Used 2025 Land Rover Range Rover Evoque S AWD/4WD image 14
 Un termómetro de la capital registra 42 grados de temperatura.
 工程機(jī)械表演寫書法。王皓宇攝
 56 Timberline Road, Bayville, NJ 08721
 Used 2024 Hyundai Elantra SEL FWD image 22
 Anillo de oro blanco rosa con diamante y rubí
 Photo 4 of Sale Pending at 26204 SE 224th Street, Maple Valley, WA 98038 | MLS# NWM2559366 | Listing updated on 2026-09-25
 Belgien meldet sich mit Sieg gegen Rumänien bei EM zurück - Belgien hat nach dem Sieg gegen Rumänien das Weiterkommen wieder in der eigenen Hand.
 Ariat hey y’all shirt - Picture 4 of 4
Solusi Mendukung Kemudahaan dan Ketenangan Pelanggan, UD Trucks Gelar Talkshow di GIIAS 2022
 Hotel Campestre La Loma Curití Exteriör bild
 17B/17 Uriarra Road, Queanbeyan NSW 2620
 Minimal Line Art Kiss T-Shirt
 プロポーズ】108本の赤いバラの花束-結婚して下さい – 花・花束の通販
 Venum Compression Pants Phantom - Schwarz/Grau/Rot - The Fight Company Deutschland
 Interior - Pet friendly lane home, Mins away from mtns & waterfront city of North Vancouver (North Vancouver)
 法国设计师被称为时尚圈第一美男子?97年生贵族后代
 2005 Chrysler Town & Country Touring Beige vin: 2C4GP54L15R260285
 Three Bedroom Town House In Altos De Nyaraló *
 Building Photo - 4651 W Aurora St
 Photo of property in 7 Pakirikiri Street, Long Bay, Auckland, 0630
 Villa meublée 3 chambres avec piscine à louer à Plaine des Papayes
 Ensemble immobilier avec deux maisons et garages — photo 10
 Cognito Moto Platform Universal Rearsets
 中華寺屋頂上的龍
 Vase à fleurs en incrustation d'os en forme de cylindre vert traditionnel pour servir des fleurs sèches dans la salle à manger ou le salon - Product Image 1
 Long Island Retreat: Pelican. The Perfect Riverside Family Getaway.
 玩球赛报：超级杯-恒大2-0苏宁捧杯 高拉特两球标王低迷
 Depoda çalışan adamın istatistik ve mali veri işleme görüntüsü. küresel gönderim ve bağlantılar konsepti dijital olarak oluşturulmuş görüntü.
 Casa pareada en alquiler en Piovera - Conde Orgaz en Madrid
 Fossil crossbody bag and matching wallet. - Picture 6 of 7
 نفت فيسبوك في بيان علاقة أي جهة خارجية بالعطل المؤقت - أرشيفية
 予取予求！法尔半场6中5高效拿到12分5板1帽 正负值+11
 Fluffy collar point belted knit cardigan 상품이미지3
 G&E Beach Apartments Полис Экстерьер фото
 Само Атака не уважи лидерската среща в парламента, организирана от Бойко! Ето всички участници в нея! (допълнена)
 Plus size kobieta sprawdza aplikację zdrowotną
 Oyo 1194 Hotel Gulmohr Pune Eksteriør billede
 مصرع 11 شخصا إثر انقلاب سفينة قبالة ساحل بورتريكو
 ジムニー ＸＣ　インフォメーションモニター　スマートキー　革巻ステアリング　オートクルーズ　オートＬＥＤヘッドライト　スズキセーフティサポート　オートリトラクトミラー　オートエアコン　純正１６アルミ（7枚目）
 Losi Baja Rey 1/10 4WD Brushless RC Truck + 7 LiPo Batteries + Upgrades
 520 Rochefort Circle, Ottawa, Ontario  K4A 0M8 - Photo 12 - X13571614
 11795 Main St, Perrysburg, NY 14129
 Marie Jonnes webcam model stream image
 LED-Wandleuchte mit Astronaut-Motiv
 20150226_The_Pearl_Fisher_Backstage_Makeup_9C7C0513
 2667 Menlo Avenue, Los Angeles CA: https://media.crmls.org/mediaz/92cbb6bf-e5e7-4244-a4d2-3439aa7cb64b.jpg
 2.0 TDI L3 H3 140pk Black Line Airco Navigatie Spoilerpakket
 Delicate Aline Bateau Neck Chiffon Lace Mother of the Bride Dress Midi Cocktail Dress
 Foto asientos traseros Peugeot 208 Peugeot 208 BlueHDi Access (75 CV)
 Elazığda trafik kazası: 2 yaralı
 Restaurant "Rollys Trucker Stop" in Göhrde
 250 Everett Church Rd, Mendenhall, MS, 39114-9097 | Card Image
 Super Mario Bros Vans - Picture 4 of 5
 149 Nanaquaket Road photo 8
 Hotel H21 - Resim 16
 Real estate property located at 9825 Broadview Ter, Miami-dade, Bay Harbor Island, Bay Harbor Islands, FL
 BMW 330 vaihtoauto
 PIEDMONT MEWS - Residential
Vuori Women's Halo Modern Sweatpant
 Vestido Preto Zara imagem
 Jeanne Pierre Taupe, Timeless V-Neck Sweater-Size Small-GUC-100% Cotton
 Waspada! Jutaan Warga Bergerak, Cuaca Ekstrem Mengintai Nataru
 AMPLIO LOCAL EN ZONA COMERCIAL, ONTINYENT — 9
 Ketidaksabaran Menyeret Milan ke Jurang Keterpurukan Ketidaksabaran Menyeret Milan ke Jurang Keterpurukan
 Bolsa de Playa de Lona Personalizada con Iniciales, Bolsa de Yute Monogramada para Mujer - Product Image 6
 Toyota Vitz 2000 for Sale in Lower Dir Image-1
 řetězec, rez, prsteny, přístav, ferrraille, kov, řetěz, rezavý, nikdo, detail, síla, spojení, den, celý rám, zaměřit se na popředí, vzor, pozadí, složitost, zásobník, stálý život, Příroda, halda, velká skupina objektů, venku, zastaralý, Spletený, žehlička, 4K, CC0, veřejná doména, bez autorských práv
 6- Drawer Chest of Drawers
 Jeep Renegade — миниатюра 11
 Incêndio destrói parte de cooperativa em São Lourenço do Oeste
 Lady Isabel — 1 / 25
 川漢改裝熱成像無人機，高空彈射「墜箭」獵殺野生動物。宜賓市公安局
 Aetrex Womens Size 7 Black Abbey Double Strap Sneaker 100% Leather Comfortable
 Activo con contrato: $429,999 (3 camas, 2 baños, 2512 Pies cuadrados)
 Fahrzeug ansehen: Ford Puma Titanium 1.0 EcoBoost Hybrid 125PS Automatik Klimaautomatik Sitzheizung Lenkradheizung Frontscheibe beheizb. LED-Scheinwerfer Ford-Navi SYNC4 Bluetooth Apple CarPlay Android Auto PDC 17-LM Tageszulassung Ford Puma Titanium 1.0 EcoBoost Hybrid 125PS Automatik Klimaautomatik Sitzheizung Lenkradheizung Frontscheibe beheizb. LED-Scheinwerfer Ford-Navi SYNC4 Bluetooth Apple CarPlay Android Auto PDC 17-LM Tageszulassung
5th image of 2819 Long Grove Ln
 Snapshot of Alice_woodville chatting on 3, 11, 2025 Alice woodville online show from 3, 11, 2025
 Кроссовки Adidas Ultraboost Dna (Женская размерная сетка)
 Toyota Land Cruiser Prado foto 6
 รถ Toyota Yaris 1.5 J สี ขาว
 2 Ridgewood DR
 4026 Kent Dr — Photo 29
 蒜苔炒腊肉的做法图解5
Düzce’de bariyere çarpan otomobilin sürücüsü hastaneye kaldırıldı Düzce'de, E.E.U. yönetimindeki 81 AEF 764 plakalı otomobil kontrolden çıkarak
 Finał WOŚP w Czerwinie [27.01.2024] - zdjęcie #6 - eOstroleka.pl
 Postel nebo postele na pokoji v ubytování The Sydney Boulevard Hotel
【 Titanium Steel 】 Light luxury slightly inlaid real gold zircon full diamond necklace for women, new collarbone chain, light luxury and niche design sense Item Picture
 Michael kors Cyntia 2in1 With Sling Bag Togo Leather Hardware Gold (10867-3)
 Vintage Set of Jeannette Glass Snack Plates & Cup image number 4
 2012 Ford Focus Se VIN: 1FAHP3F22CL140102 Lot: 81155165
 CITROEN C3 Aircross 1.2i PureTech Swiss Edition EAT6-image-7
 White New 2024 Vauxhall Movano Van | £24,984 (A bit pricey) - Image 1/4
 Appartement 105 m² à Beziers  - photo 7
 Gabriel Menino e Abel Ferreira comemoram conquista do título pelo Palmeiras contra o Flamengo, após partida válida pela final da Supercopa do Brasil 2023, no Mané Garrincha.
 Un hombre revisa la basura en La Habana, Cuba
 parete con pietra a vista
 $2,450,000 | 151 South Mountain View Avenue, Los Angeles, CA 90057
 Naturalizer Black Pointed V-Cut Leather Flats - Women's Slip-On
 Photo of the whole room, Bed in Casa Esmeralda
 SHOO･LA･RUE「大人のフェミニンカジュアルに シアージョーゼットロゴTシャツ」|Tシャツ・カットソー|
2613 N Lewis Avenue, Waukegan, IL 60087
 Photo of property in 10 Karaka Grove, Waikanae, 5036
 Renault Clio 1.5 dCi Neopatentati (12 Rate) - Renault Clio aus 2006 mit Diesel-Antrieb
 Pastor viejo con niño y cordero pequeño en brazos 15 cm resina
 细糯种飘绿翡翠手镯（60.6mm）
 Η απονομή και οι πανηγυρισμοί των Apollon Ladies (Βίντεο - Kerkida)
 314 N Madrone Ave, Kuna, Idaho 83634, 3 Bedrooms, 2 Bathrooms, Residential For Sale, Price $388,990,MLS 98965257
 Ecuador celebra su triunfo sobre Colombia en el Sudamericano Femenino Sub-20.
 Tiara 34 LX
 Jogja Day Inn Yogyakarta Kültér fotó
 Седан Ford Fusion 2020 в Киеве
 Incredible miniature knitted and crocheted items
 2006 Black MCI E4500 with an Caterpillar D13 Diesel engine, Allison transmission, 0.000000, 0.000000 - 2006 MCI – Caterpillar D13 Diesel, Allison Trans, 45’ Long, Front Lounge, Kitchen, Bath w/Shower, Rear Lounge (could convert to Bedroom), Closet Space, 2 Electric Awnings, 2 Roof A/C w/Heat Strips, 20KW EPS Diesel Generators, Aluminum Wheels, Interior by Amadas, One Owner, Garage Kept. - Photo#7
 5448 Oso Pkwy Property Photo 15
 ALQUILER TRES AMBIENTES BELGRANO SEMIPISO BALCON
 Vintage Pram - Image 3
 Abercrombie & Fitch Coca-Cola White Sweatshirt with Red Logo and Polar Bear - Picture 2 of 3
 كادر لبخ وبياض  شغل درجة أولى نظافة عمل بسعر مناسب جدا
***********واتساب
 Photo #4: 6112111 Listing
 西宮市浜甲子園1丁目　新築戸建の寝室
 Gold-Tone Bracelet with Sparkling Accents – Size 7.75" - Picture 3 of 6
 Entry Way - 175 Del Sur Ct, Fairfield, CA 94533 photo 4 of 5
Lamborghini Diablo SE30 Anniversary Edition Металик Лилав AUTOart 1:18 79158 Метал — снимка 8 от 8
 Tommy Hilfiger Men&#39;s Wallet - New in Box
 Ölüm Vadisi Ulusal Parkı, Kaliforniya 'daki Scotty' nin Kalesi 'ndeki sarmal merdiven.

Instructions for the task
Copy every line from the records above that contains the word "Diesel".

Written solution
 Renault Clio 1.5 dCi Neopatentati (12 Rate) - Renault Clio aus 2006 mit Diesel-Antrieb
 2006 Black MCI E4500 with an Caterpillar D13 Diesel engine, Allison transmission, 0.000000, 0.000000 - 2006 MCI – Caterpillar D13 Diesel, Allison Trans, 45’ Long, Front Lounge, Kitchen, Bath w/Shower, Rear Lounge (could convert to Bedroom), Closet Space, 2 Electric Awnings, 2 Roof A/C w/Heat Strips, 20KW EPS Diesel Generators, Aluminum Wheels, Interior by Amadas, One Owner, Garage Kept. - Photo#7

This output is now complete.